When you go through your project requirements document (you do have one right?), do you simply want to get a certain function done, without giving any thought to how a user would experience it? Sure all the buttons are there, and all the display controls are there. But is it intuitive and easy to use?

I recently had this user explain to me how a screen from a legacy program worked. The sequence where she clicked buttons and checked output made no sense to me. She clicked a button on the bottom left first, then checked some data display, clicked another button on the top right, checked some more display, and clicked a button that was above the first button.

There was absolutely no logical flow to perform the task. Yet my user followed this pattern and was astounded that I had no idea how and why it worked. The user had conditioned herself into a negative usability pattern because there was no other way. I went back to my office, silently swearing at the programmer who originally coded the program. I swore even more after I saw the code…

Why was the user being subjected to this kind of service? As programmers, our users are like our customers. We should be treating them well, even if they aren’t paying us.

Are you making it hard for your users to use your application?

Programmer’s dilemma – Making tough choices

I’m lucky to be given relatively free reign in my design and coding decisions. Unfortunately, that often means I have to choose between what is right, and what is easy. Here’s a few of them:

Usability – If it’s optional, then don’t make it mandatory
When given the choice of optional fields, a user can and will take the path of least resistance, which is to leave all optional fields as is. I recently developed a web page that retrieves records from a database. All fields are optional. Consequently, everything from the database is retrieved. Which crashed my web server.

Since I was giving a presentation to a customer when this happened, I was just a tad embarrassed. After the presentation, I went back, made a few fields mandatory, with corresponding error messages to avoid Raymond’s feedback form experience. Sometimes, I have to be a user too.
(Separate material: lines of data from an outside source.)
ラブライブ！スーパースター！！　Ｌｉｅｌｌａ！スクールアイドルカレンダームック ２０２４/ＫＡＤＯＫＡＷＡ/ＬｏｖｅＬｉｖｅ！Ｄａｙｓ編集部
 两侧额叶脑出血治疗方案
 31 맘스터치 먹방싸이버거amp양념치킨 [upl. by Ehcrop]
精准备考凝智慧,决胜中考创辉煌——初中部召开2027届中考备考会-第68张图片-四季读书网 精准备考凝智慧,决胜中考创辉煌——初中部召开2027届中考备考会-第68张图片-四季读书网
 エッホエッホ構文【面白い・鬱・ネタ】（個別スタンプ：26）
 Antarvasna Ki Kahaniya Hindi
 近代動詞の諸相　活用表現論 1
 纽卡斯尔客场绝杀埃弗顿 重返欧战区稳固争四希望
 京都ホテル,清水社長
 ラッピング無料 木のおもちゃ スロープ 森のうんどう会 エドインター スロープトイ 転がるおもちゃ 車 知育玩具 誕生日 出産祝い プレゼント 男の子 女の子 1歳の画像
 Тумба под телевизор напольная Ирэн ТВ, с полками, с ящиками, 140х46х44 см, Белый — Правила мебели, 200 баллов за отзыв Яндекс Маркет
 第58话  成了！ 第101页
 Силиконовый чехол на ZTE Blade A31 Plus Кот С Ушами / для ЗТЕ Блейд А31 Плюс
Result oriented – Programmers Don’t Like to Code
I used to tell people I love programming. I’m not so sure now. Then I realised what I really love is solving problems, and that I can express my solution in a program. Even though solving that CSS display bug or optimising that loop gives me joy, it means little to the result-oriented user. So I have to choose practicality sometimes.

CSS Design – Suckerfish Dropdowns
There is this web application I’m maintaining that displays a menu for navigation. The code is unwieldy and makes use of some Javascript copied and pasted without much thought. Hideous to look at and horrendously tedious if I have add a new page. Luckily I found a more elegant dropdown menu solution. It means I have to redesign the navigation element, but it’s worth the effort.

The one you never want to meet – The Brillant [sic] Paula Bean
I have seen my fair share of obnoxious idiots of programmers, and chose patience and understanding instead of exclaiming their ineptitude. But Paula, the experienced Java programmer, raises stupidity to an art. Brillant!

Socialise or be ostracised – In Programming, One Is The Loneliest Number
Not only is programming by yourself lonely, but it’s dangerous to your code, health and social life. It was tough when I first started interacting with people I don’t know but were on my office floor. Don’t have any programmer colleagues? Get help by persuading your manager to hire another competent programmer.